Pareciese como si cada vez que viera la última película del maestro neoyorquino estuviese viendo la misma película, la misma temática en torno al crimen perfecto, los mismos personajes de clase media con rasgos de intelectualidad preocupados por su ego y sus diatribas personales que acaban siempre en esas dudas del personaje dostoievsko que trata de emular últimamente nuestro otrora hipocondriaco, irónico y más creativo director. Bien es verdad que quizá haya fallado ante alguno de sus últimos trabajos pero la realidad es que no veo nada novedoso en su trabajo últimamente, esto es así.
Los últimos trabajos visitados se acercan mucho a éste, donde lo auténticamente pasable son las actuaciones de los actores en cuestión, pues el guión suele estar demasiado forzado a la consecución de un crimen que nunca llega a ser perfecto por mucho que la inteligencia trate de hacer una cosa que la realidad desmiente cada día cuando observamos la impunidad que a veces opera en nuestros sistemas de justicia. Además los personajes suelen ser unos clichés de una clase media que creyéndose su propio discurso a veces cree que está más allá del bien y del mal y como solución nietzscheniana adopta ese perfil lacónico y superior que alienta una desafortunada lectura del alemán.

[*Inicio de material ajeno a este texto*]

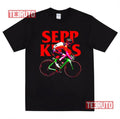 Sepp Kuss Graphic Unisex T-Shirt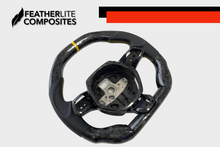 Load image into Gallery viewer, Lamborghini Huracan Core Steering Wheel in Forged Carbon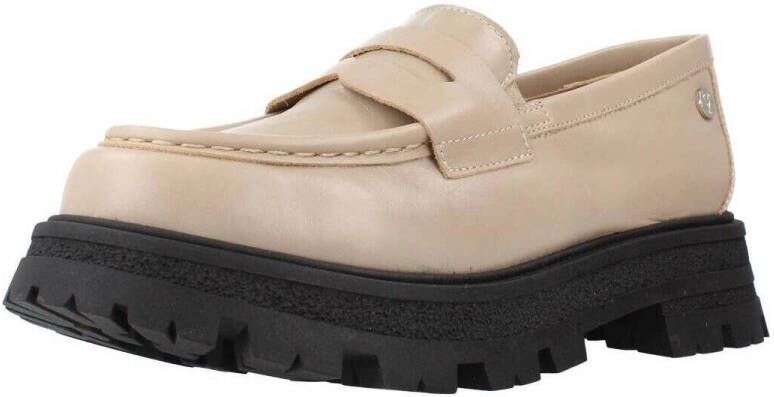 Yellow Mocassins PAMPA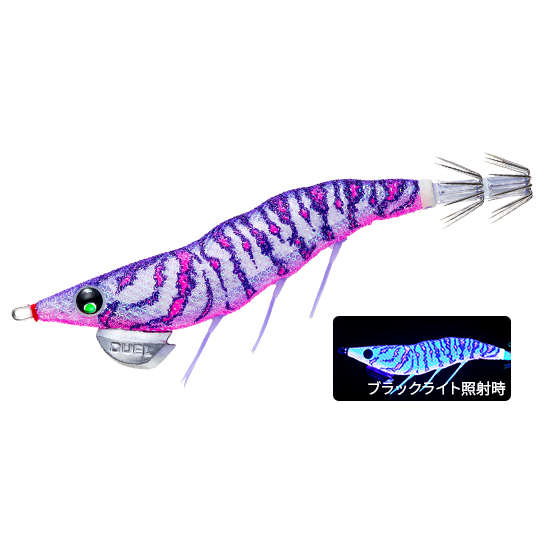 >日安路亞< DUEL A1740 EZ-Q DARTMASTER RATTLE 2.5号 木蝦-規格圖2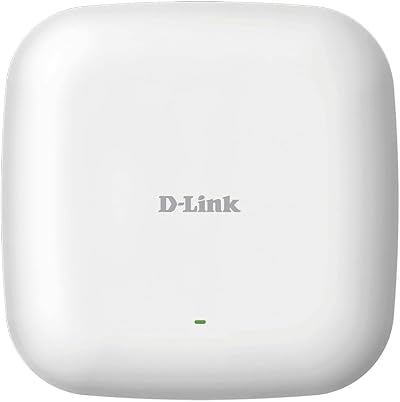 D-Link DAP-2610 Nuclias Connect Wireless AC1300 Wave 2 Dual Band PoE Access
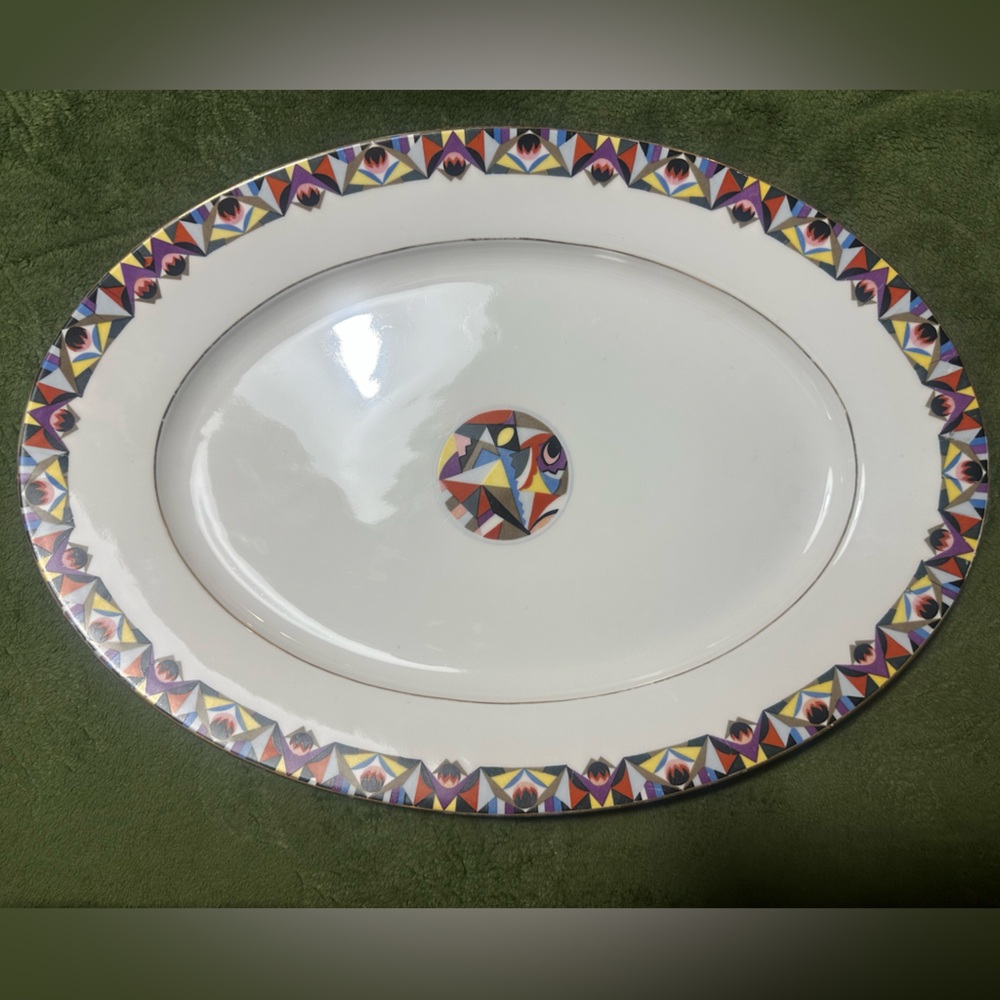 Johann Haviland Serving Dish
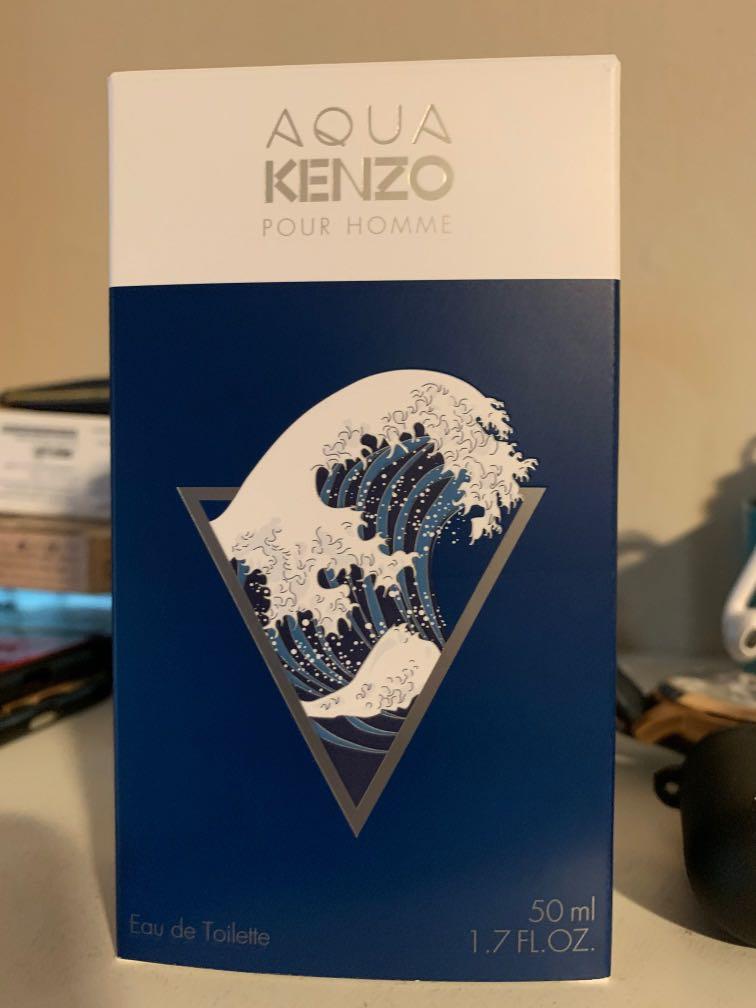 aqua kenzo eau de toilette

Así, ya sean éstos europeos o americanos, su relación con el mundo depende del propio ego, del propio relato que hace de la insatisfacción un hecho más cotidiano que la felicidad, una relación trastocada con unos problemas de clase que carecen de tal percepción cuando la verdadera realidad aprieta y se es incapaz de estar satisfecho.
Si ya vistes al menos tres de las últimas cinco películas de Allen, esta hora y media no te aportará nada nuevo, a no ser que vayas a investigar sobre las variaciones de Crimen y Castigo en cualquier ámbito, incluido el cine del neoyorquino.